■ **Problem to solve**: Exclude the pictures. Transcribe, exactly as written, the lines from the one with "Tidesmit 30ml aligner" through the end of the entries below.

[Short web captions]

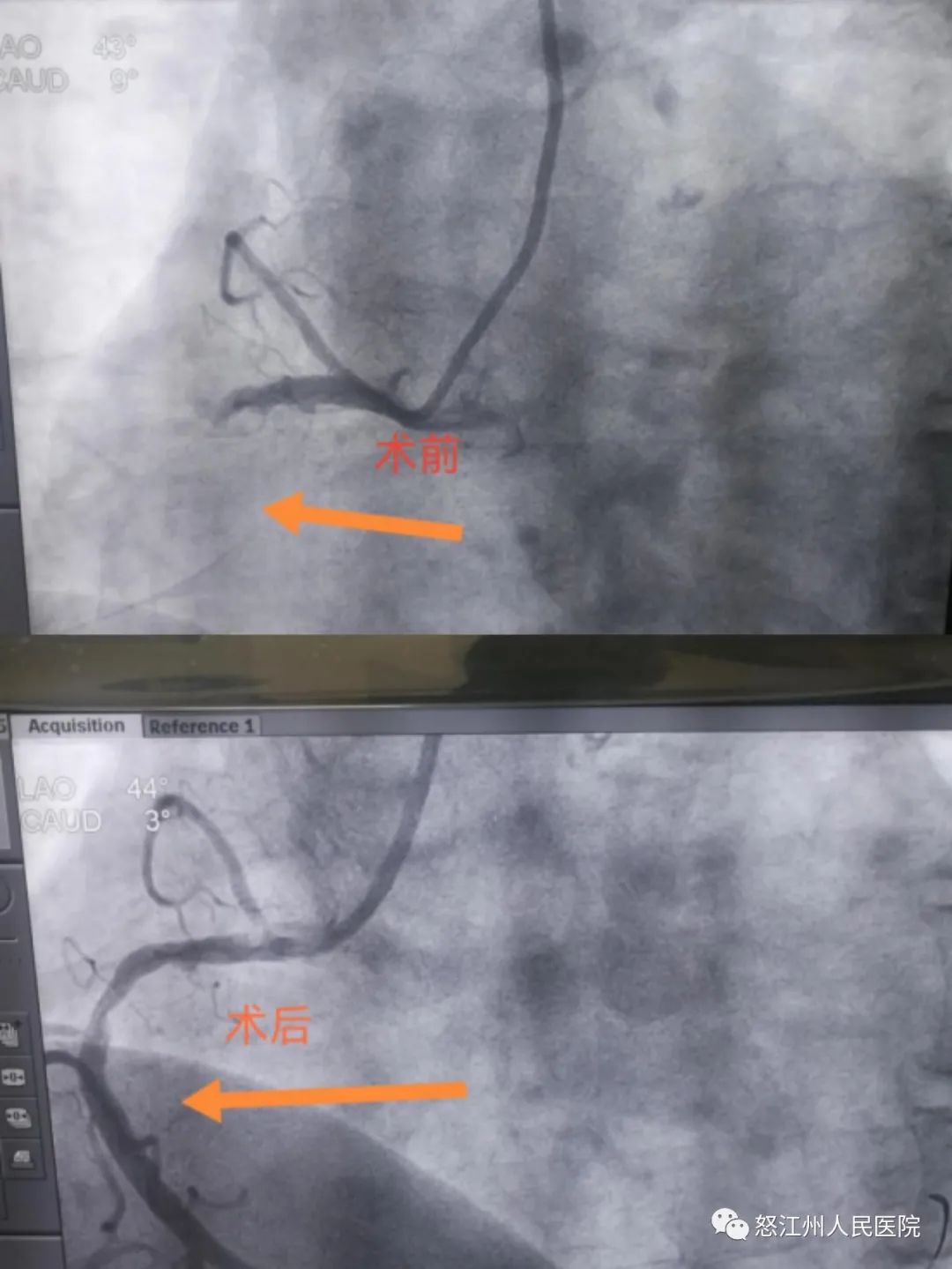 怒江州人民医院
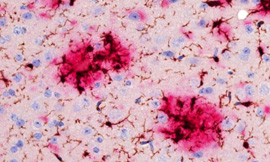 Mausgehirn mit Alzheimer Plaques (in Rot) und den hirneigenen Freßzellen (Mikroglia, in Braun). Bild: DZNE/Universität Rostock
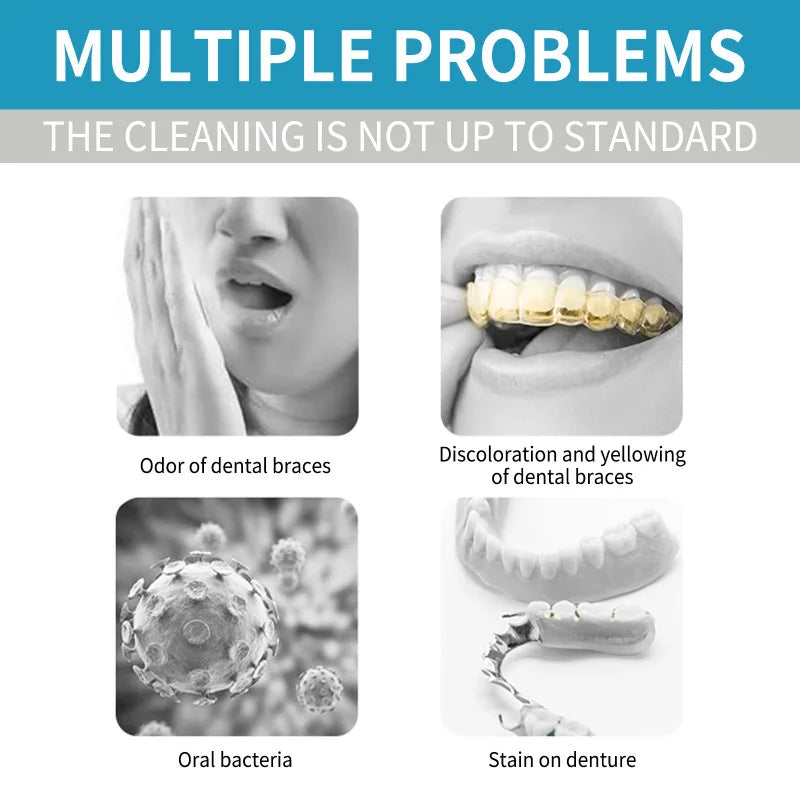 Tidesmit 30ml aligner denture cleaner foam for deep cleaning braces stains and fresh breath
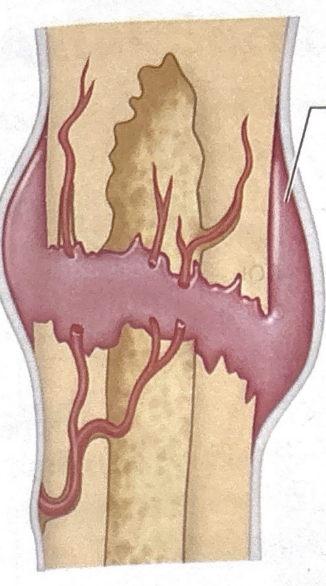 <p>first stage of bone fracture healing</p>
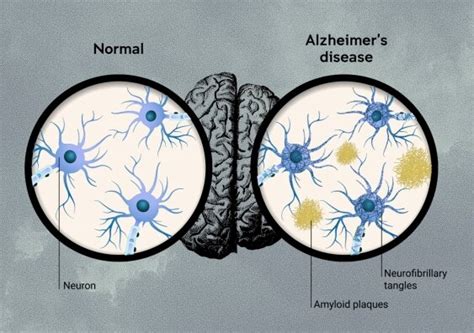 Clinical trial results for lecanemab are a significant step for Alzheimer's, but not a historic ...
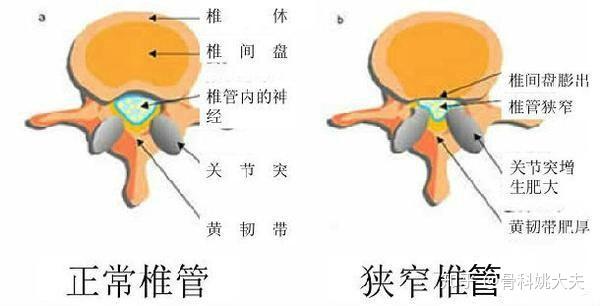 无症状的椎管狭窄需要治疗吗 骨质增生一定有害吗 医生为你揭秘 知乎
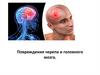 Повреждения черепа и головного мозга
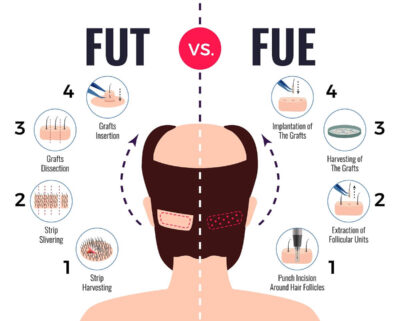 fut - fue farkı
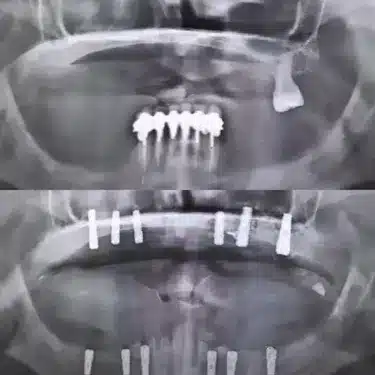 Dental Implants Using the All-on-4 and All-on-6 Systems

■ **Reply**:
 Tidesmit 30ml aligner denture cleaner foam for deep cleaning braces stains and fresh breath
 <p>first stage of bone fracture healing</p>
 Clinical trial results for lecanemab are a significant step for Alzheimer's, but not a historic ...
 无症状的椎管狭窄需要治疗吗 骨质增生一定有害吗 医生为你揭秘 知乎
 Повреждения черепа и головного мозга
 fut - fue farkı
 Dental Implants Using the All-on-4 and All-on-6 Systems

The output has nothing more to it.